● **INFORMATION SUPPLIED**:
○ ○ ○ ○
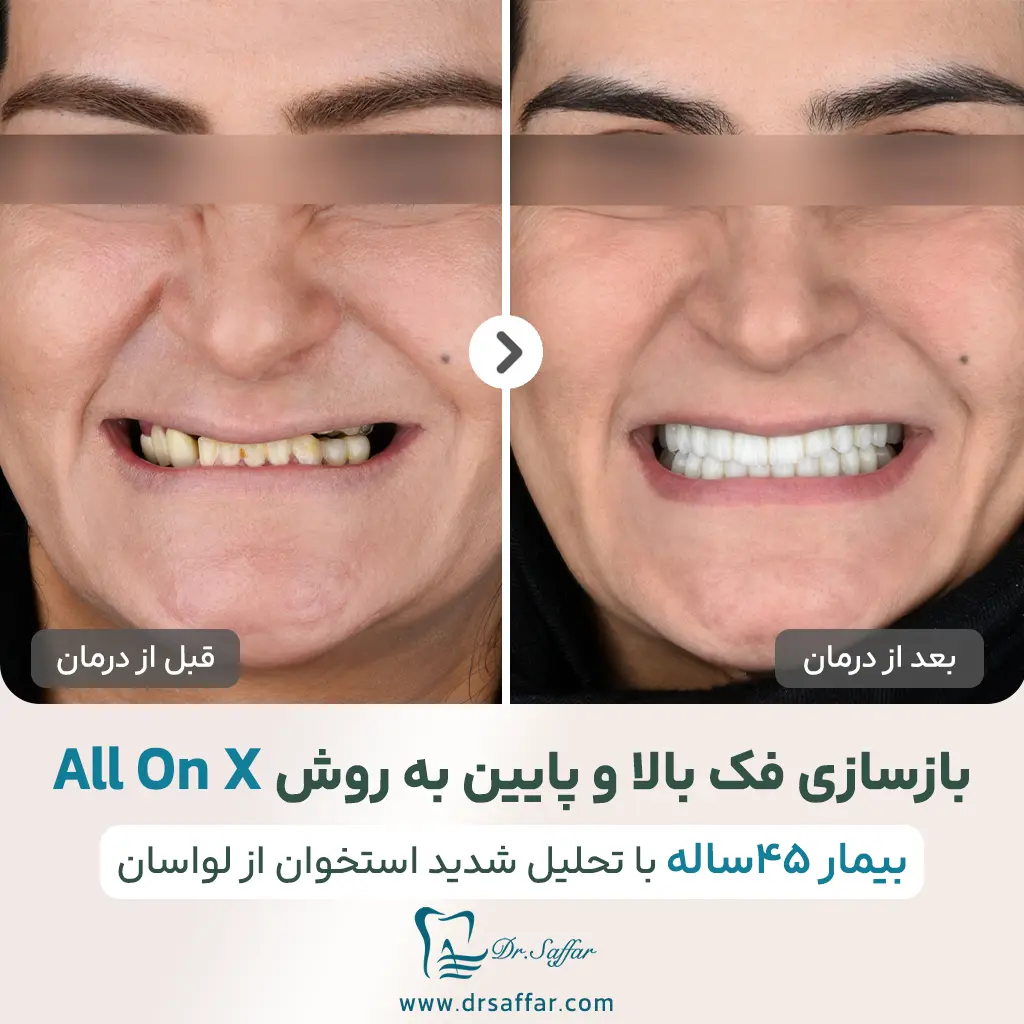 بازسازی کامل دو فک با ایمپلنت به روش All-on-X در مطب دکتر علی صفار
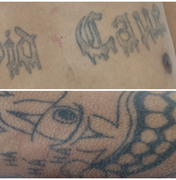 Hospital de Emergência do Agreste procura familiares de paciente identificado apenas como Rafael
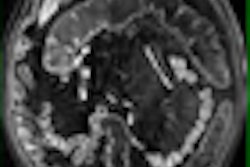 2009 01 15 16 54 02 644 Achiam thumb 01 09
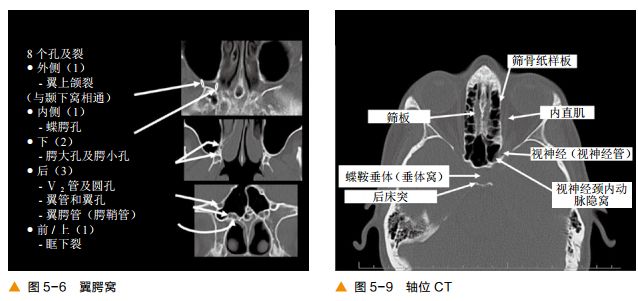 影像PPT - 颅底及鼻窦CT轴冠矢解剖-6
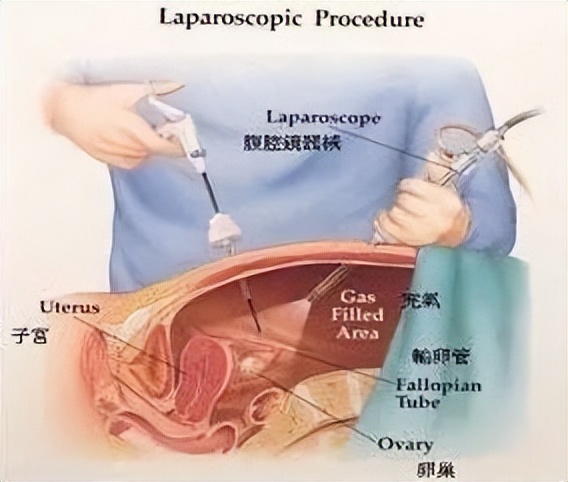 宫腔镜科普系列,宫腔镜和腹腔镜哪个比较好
○ ○ ○ ○
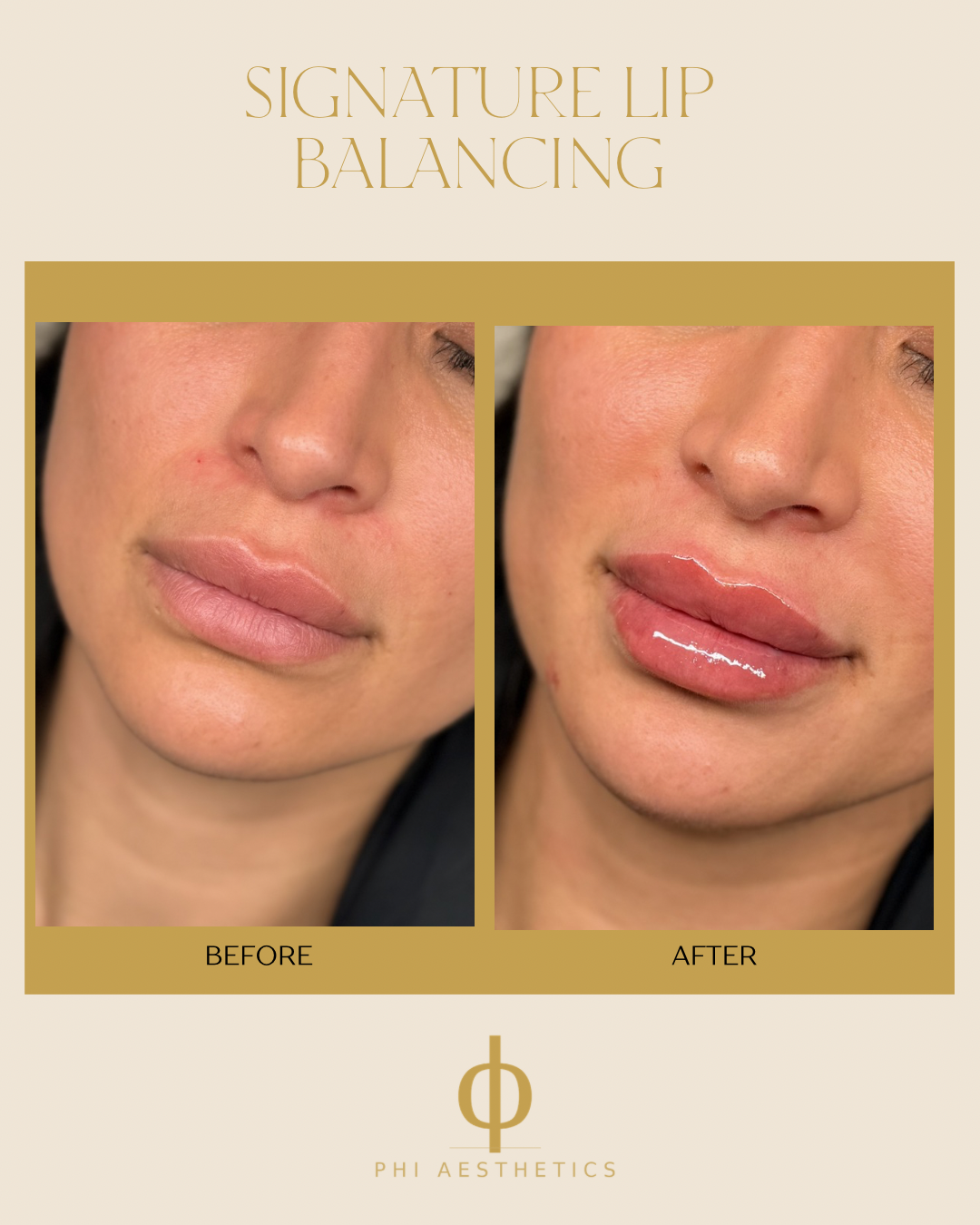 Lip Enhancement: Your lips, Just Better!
○ ○ ○ ○
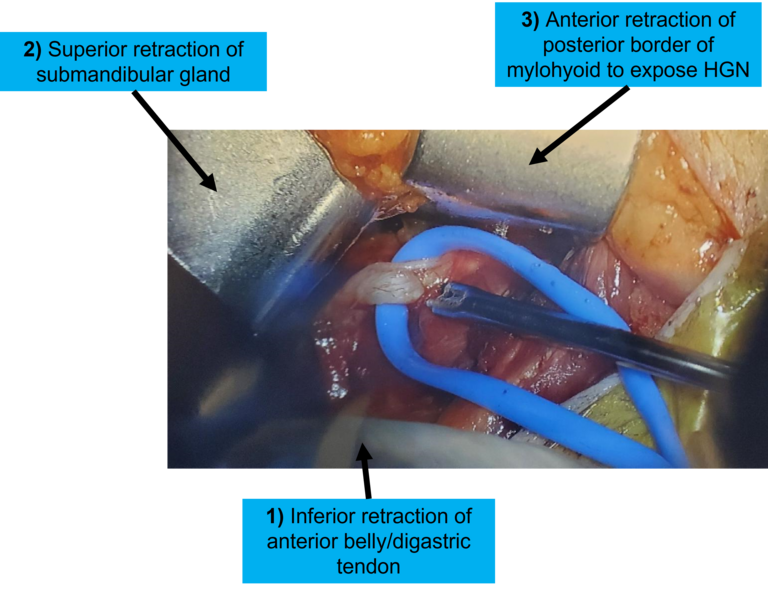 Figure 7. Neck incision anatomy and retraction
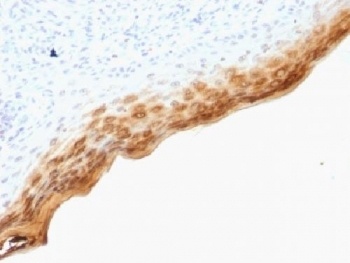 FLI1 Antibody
○ ○ ○ ○
● **REQUIRED ACTION**: Working from the entries above, please transcribe only the lines from the line with "Figure 7. Neck" through the line with "FLI1 Antibody", exactly, with both end lines and without pictures.

● **YOUR RESPONSE**:
 Figure 7. Neck incision anatomy and retraction
 FLI1 Antibody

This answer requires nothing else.